In a letter to USDA, the delegation cited the recent and unprecedented spread of the virus to dairy cattle as a sign that significant and immediate action is needed. The lawmakers pointed out that Iowa is the first state to proactively implement biosecurity protocols and testing measures for infected dairy farms, but noted that additional resources from the USDA are necessary to support impacted farmers, reinforce state response measures, and provide backing for disease research.

“Preventing and mitigating animal disease is a team effort,” Ernst said. “The livelihoods of our farmers, the stability of our local economies, and the broader food supply chain are all on the line, so we must have all hands on deck in the fight against avian flu. I’m working hard to ensure our producers and state leaders have the tools they need to stop the spread, and I urge the USDA to join me in making it a top priority.”

“An effective response to Highly Pathogenic Avian Influenza and other foreign animal diseases requires maximum cooperation between federal, state, and local agencies as well as industry partners. As we’ve battled Highly Pathogenic Avian Influenza over the past three years, including now both in poultry and dairy, our joint federal and state response team has benefited greatly from this collaborative approach and the shared expertise that exists throughout this partnership.
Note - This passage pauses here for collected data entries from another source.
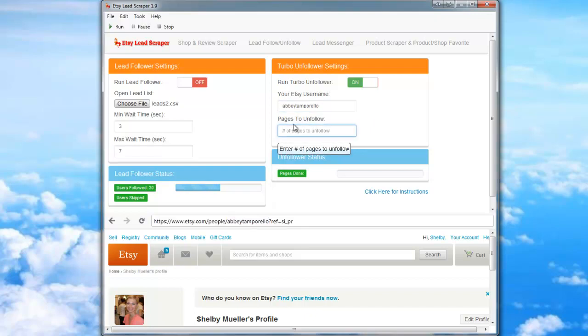Enter the amount of pages that you would like to unfollow. Each page that you unfollow represents 10 people. So if you'd like to unfollow 500 people, enter 50 pages.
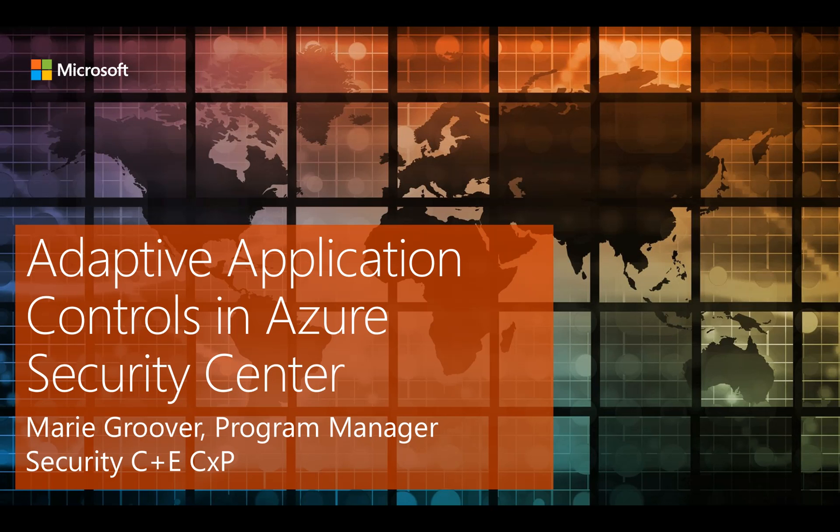Hi, this is Marie Groover from the C+E Security CXP team. For this microlearning video, I'd like to give an overview of Adaptive Application Controls in Azure Security Center. It's a new feature, and as of the production of this video, it's just been released into public preview.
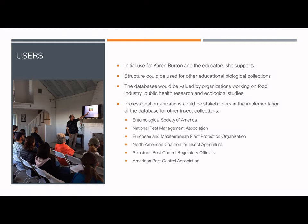Other organizations with fragile biological collections could use the form to support efficient non-formal education. The insect-specific content management could also support professional organizations interested in tracking insect details, including the Entomology Society of America, the National Pest Management Association, the European and Mediterranean Plant Protection Organization, the North American Coalition for Insect Agriculture, the Structural Pest Control Regulatory Officials, and the American Pest Control Association.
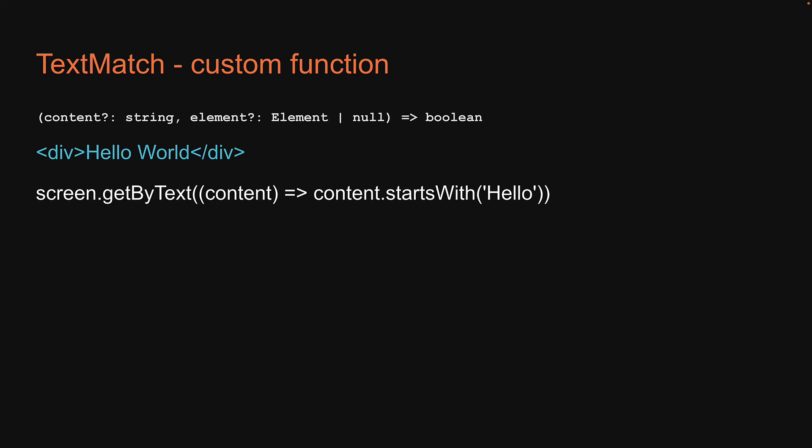Of course, I have showcased only getByText but it is applicable to all getBy and getAllBy class of queries. You are more likely to use it with getByText though, as matching an entire paragraph of text with full text match isn't something you would normally do. Substring matching is very helpful for getByText and hopefully the text match type has made it clear how to do that.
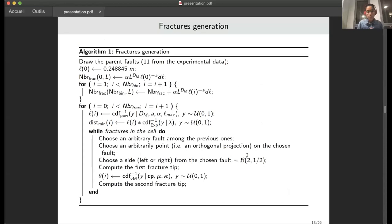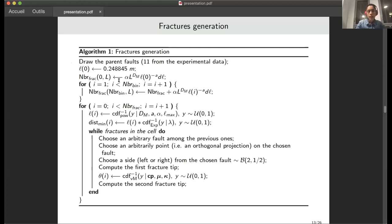Now we have an algorithm to generate fractures. The first step is to draw the parent faults from the experimental data — considering the 11 first parameters for ones with lengths larger than the threshold value. From there, we calculate the number of secondary fractures using the double power law. The largest length for the secondary fractures starts from the threshold value, and we calculate the total number of fractures for each subdivision of the length.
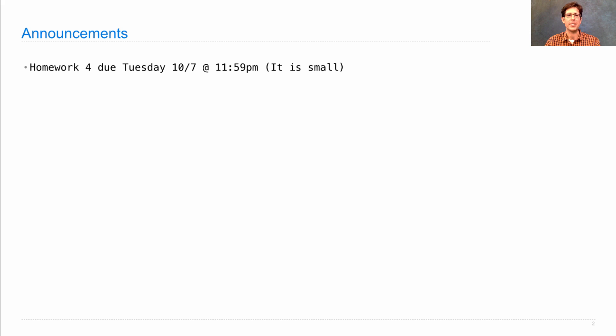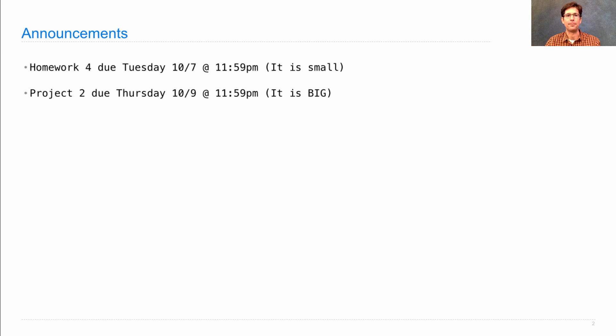Homework 4 is posted and due next Tuesday. It's small, but I recommend starting early.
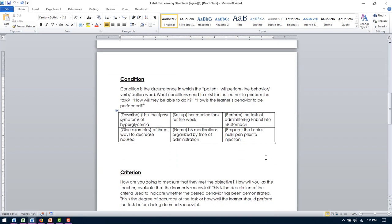Then we get into condition. So it is the circumstance in which we want them to perform the learning behavior, the target, the verb. What condition do we need for them to happen so that they can perform the task? Or how are they going to be able to do it? So some of these examples are, you know, the patient may describe or list, which in the parentheses here is the verb. But it is like the signs and symptoms of hyperglycemia or three signs and symptoms of hyperglycemia. So maybe medications for the week or administering Enbrel for rheumatoid arthritis or three ways to decrease nausea. So these are all how they're going to perform the behavior. It's kind of like the big chunk of the behavior.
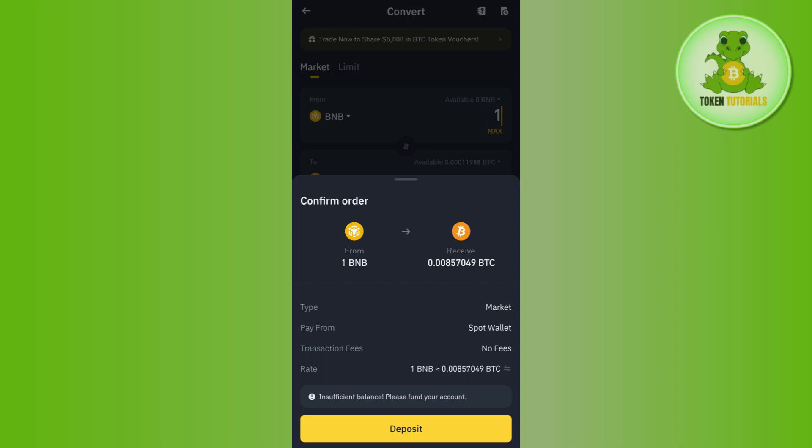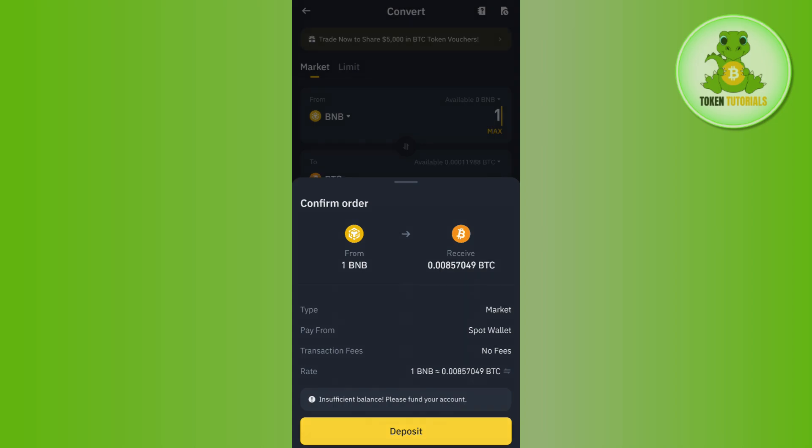Here it will ask you to confirm your order, so you need to tap on the confirm order button in the bottom in order to confirm your order. And this way you will be able to easily convert your BNB into BTC.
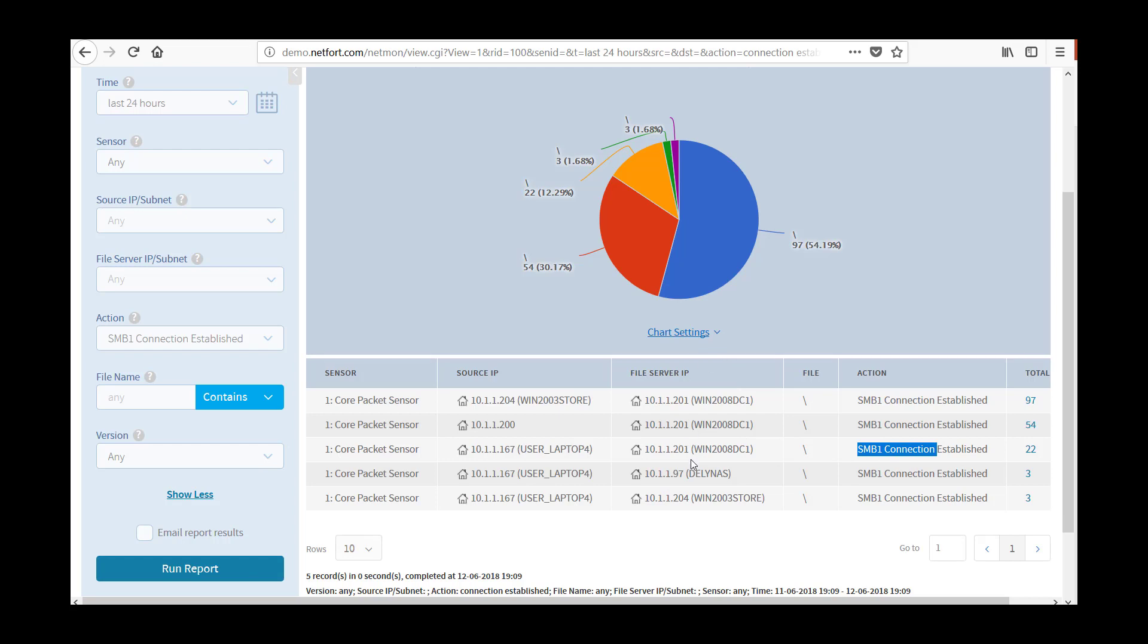So the takeaway from running both reports is I've got three servers that I need to patch or remove SMBv1. And as a follow-up to that, not a greater priority, but as a follow-up, I also have a couple of clients out there I need to disable SMB version 1 on.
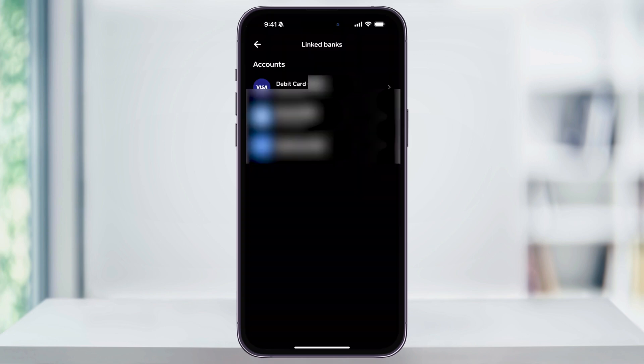Cash App will then verify the information and once it's linked, you'll see your debit card now listed underneath Linked Banks. And if you wanted to, you can also link a bank account or a credit card inside of here for more payment options.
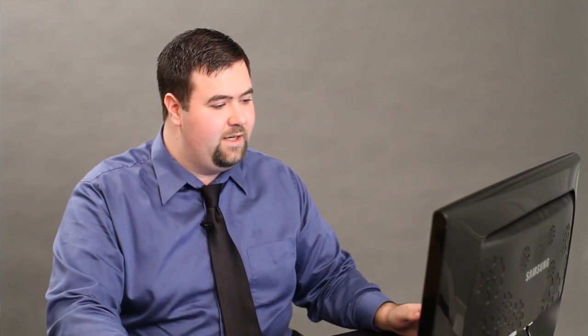Usually when you talk about this, you're talking about inserting a watermark into the background, which is really handy to add a little bit of style to your pages, and you can also keep it uniform across your whole document pretty simply.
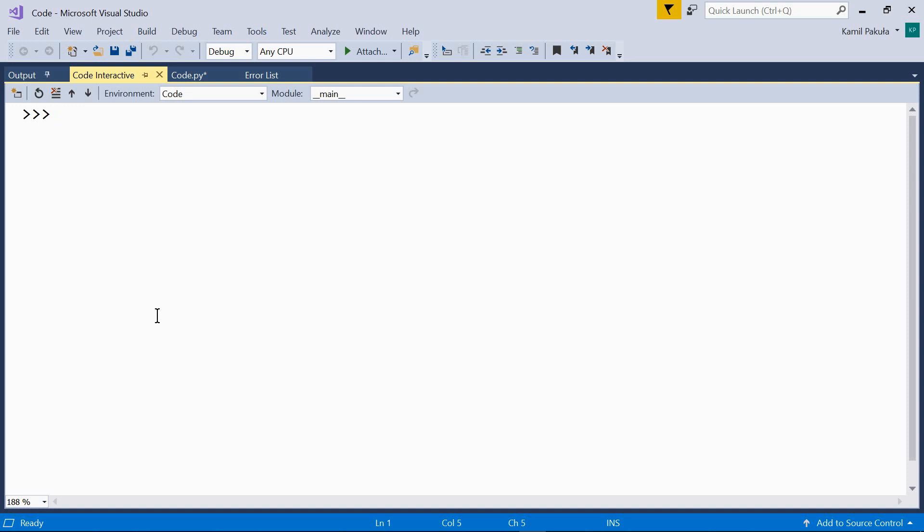String concatenation and repetition. Hi! In this video we'll be talking about string concatenation and repetition. Let's start with concatenation.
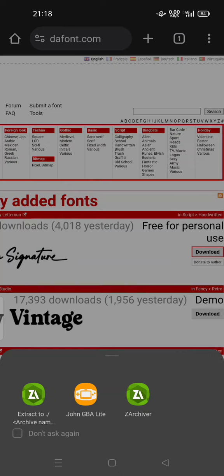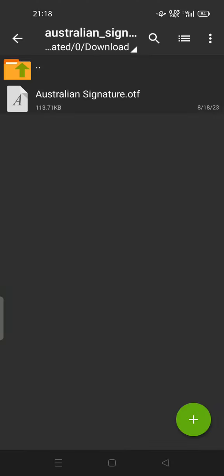You can download Z archiver from the Play Store, or if you understand enough, you can extract to archive name. But let's try the manual way. We are going to use the archiver.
This disease threat is of importance to all of agriculture and as this situation evolves, we must continue to harness the full capacity and resources of the relevant federal agencies to confront any new challenge. I remain appreciative of the advocacy of Iowa’s federal delegation who are committed to protecting and growing Iowa agriculture, our state’s biggest and most important industry,” said Iowa Secretary of Agriculture Mike Naig.

“Iowa’s turkey farmers need all the tools they can to protect their flocks and strengthen their response to H5N1,” said Gretta Irwin, Executive Director of the Iowa Turkey Federation. “We are grateful for the wildlife personnel working with Iowa farmers to mitigate interaction of wild birds with domestic turkeys. We applaud the ongoing epidemiological analysis and research of the outbreak.  This on the farm work is critical in understanding the virus so farmers can make changes to hopefully prevent future outbreaks.  To help protect the health of our turkeys, we encourage the swift approval of vaccines for all species.”

“Iowa State Dairy Association (ISDA) appreciates Senator Ernst’s vigilance as dairy farmers navigate the challenges posed by highly pathogenic avian influenza and its impact on dairy cattle,” said Mariah Busta, Executive Director of the Iowa State Dairy Association. “There is a need for increased disease research and response efforts to support the state’s dairy industry. ISDA values the Senator’s advocacy for Iowa dairy farmers and the broader agriculture community.”

“North Central Poultry Association appreciates Senator Ernst for continuing to work on behalf of poultry and egg farmers,” said Kevin Stiles, executive director of the North Central Poultry Association and the Iowa Egg Council. “Highly Pathogenic Avian Influenza (HPAI) continues to have an extensive impact on the entire poultry and egg producer community. While federal and state officials have been working alongside farmers for years to contain and stop HPAI, as the disease evolves, our management approach must evolve too. We believe new research, updated formulas for assistance, and open lines of communication will help curb the spread.”


Ernst has long been a champion of foreign animal disease prevention and preparedness efforts including her work to support the Beagle Brigade and the bipartisan Animal Disease and Disaster Prevention, Surveillance, and Rapid Response Act.

Following the most recent HPAI outbreaks in northwest Iowa in both poultry flocks and dairy herds, she is working to hold federal agencies accountable to providing public and state agencies with coordinated, up-to-date, and accurate information on the spread of HPAI.